Blame it on Steve Jobs. As a young man searching for something interesting to study, he audited a calligraphy class at Reed College. Jobs became fascinated with the myriad variety of fonts, a.k.a., typefaces he was exposed to. Ten years later he decided to incorporate an assortment of fonts into Apple's Macintosh computer. It would prove to be a popular addition. When Microsoft's Windows added the feature later, interest in fonts by the general public skyrocketed. And with Just My Type: A Book About Fonts, we now we have an entire book devoted to the subject.

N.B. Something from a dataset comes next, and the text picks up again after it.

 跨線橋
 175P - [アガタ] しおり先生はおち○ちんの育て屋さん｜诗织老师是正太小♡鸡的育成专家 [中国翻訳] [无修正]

Author Simon Garfield's often hilarious study of all things font-related was initially published in England in 2010, and became a surprise hit. With that in mind, Gotham Books have just published it in the United States.
A major reason for the book's success has to be the quality of Garfield's writing, and the way he makes such a seemingly dry subject come to life. Consider this sentence from a description of the Helvetica font: "On the upper deck, the G has both a horizontal and vertical bar at a right angle, Q has a short straight angled cross-line like a cigarette in an ashtray, and R has a little kicker for its right leg."
The very first font was Gutenberg Textura, introduced with the Gutenberg printing press around 1450. Over the course of the book, the author walks us through the history of printing and type, and it is a lively journey. In so many ways, a government, business, or individual's choice of font creates the de facto first impression.
For example, there is the Comic Sans font. Developed just in time for inclusion with Windows 95, Comic Sans became ubiquitous almost overnight. Just a few years later however, there were people so incensed by it that websites such as Ban Comic Sans sprung up.